Leaving the instrument lying on the bed, Caroline made her way back down the stairs. "Where did you get it?" she asked in a hollow voice.

"I remembered the name of the woman who had bought it from you," Hilda answered. "All I had to do was track her down. I offered to buy it back for four thousand dollars more than she paid you for it. Believe me, she was more than happy to make a deal. Who wouldn't be? And there went Douglas's twelve thousand dollars. Money well spent, if you ask me."

Caroline was stunned. "Thank you, Mother. I can't tell you how grateful I am, but why would you do such a thing?" she asked. "Whatever possessed you?"

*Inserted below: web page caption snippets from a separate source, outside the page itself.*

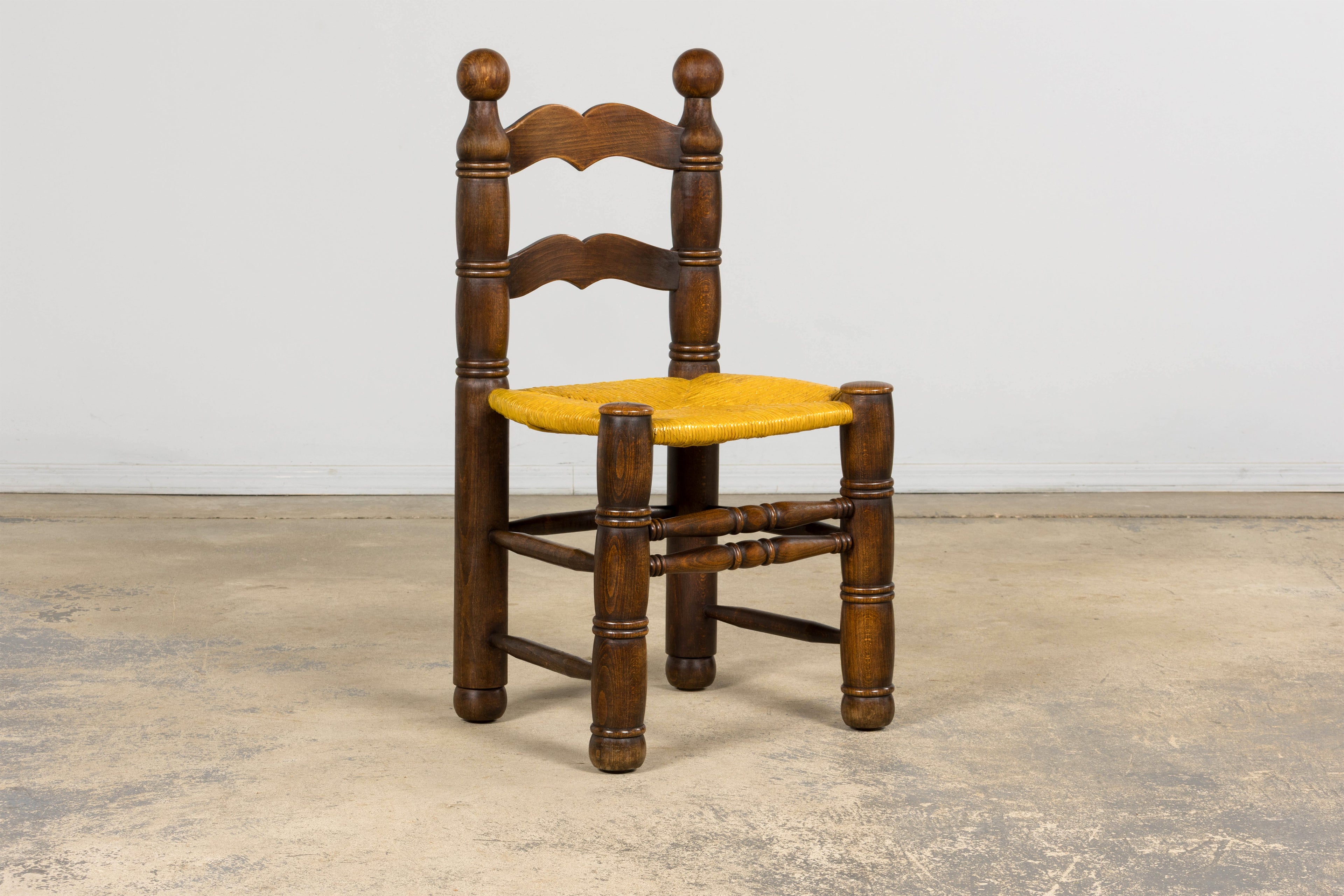 Set of 6 French Modernist Oak and Rush Dining Chairs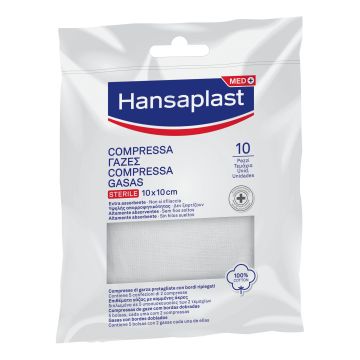 Hansaplast garza compressa 10 x 10 cm 10 pezzi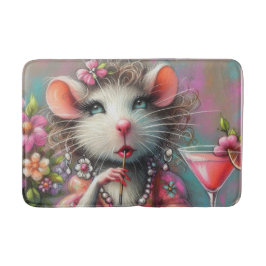 Tapete De Banheiro Bonito Rat Lady Tendo um Martini Contemplando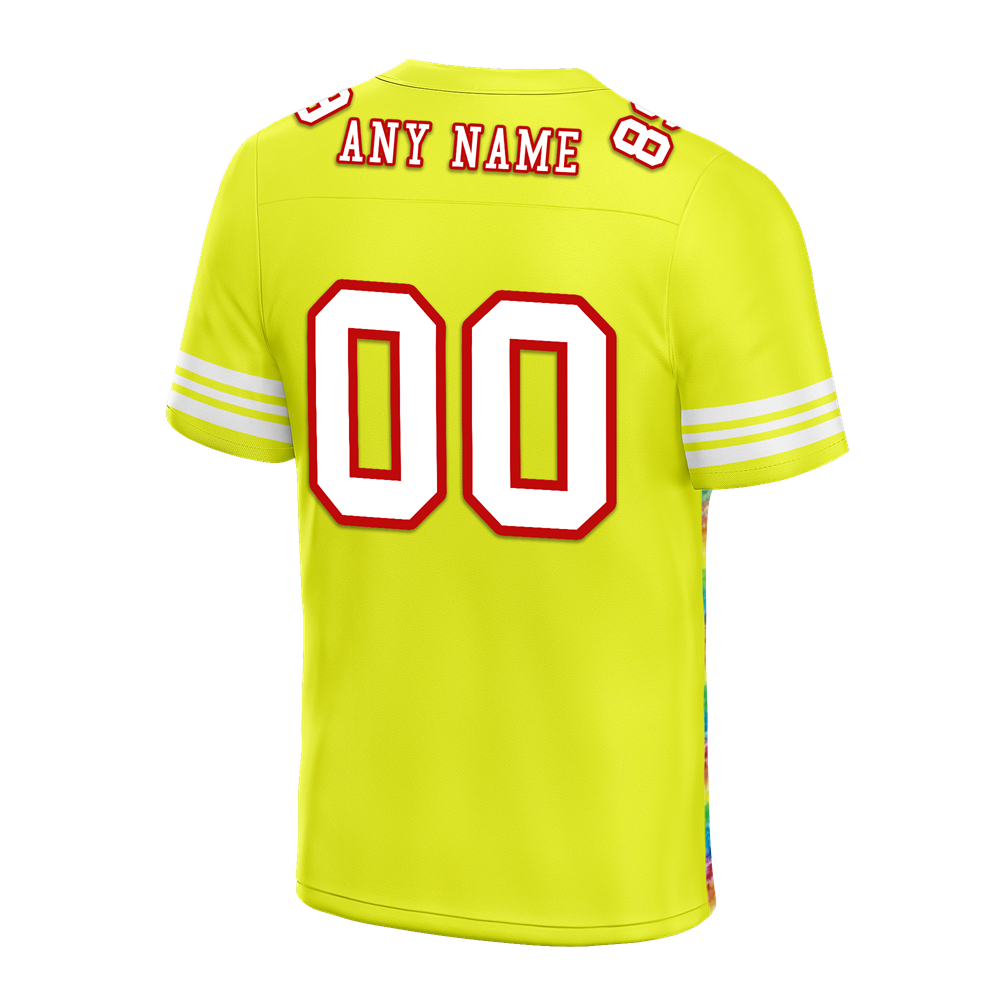 Custom Yellow Tie Dye White Personalized Authentic Football Jersey FBJ02-bc0fa7c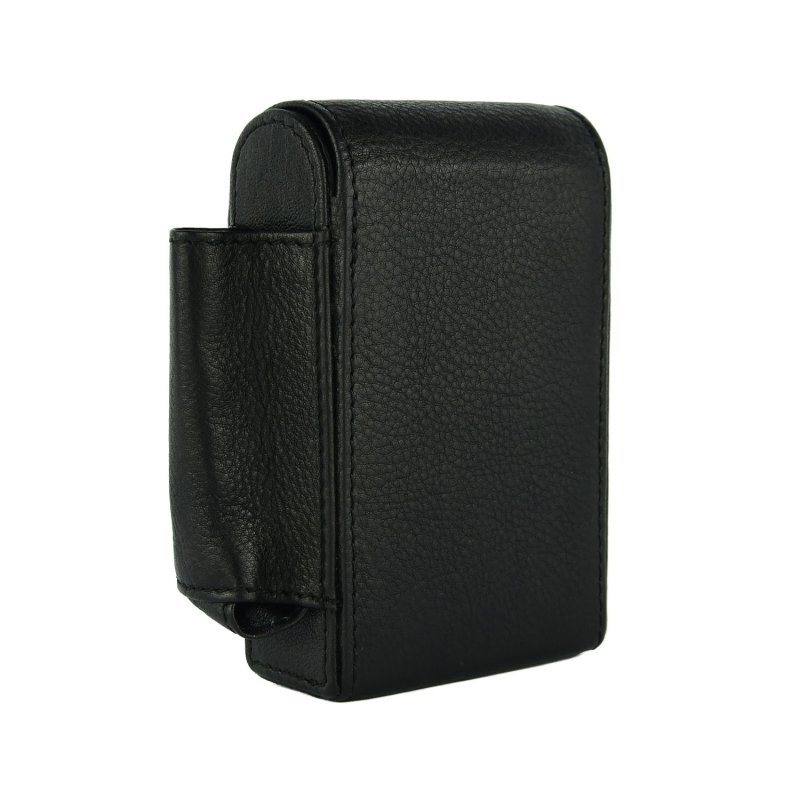 Conte Massimo Cigarette Case in Genuine Leather, With Lighter Holder, For Men and Women, Holds Pack and Lighter — back view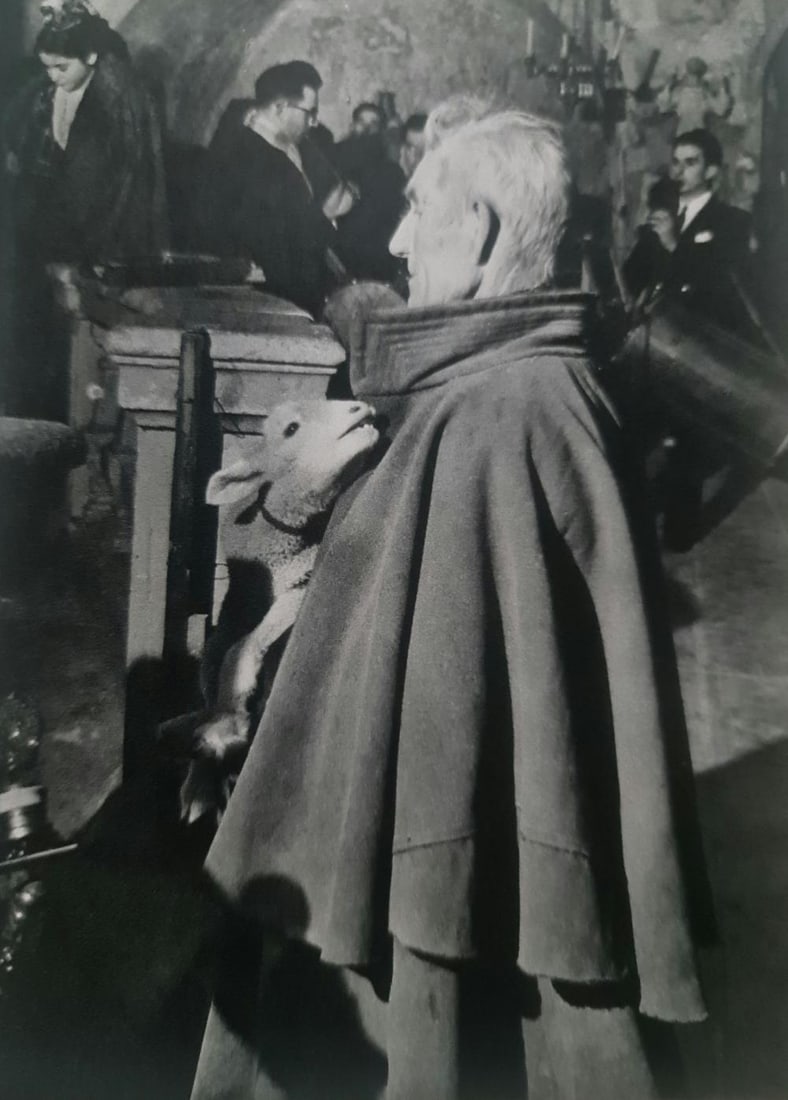Brassai, Christmas Eve Mass, Les Baux, Provence, 1945: Photographer: Brassai (pseudonym of Gyula Halász, 1899 – 1984) - historically important Hungarian photographer, sculptor and filmmaker who rose to fame in France. Title: Christmas Eve Mass, Les Bau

"Giving up everything that's yours for a man like that-a man with that kind of power-is an entirely stupid thing to do," Hilda returned. "Surely you're not really that naive, are you?"

Even though Caroline had called herself "stupid" not an hour or so earlier, it hurt to hear her mother say the same thing. Under other circumstances she might have been overjoyed to see her beloved cello once more. Now she was overwhelmed. She bit back the tears that still threatened to wash her away.

"I have no idea what you mean," she said, still playing the game, still pretending that things were all right between her and Douglas when they were anything but.

"Maybe you should take a look at this, then." Lifting the envelope from her lap, Hilda held it out. Caroline looked at it but made no attempt to take it.

"What is it?" she asked. Her voice sounded wooden. There was an ache in Caroline Blessing's heart. She knew that whatever was in the envelope was going to be bad news, and she didn't want to touch it.

"Surveillance reports," Hilda answered. "From a private detective."

"Surveillance reports on whom?" Caroline asked.

"On Douglas, of course. Who else? Names, places, dates, times. I thought you should know all these things. And I thought you should have some idea which of your friends aren't friends at all. That's always useful information to have, to know where you stand. When it comes to this sort of thing, a woman can't afford to have too many surprises, especially in this day and age."

"You've been spying on Douglas?" Caroline managed to stammer.

"Spying's too strong a word," Hilda returned mildly. "I prefer to think of it as checking up on him. And it's a good thing I did, too. Your father certainly wouldn't have considered doing such a thing, although, in my opinion that's something fathers are supposed to do-protect their daughters. Now take it," she urged. "Even if you don't want to look at it, I still want you to have it now, before it's too late."

Caroline reached out and took the envelope. The paper should have been cool to the touch, but it wasn't. The surface of the envelope seemed to sear her skin. She held it for a moment, and then it slipped through her reluctant fingers and dropped to the floor.

"I don't want it," she said. "I don't want to know. I already told Douglas I want a divorce. I don't need to know any of the rest of it."

"You may think you don't want to know, but if you don't take this envelope and put it away, the rest of the world is going to find out all about it."

"What do you mean?"

"Oh, Caroline, please don't be so incredibly dim," Hilda returned. "Why do you think I refused to talk to the detective today?"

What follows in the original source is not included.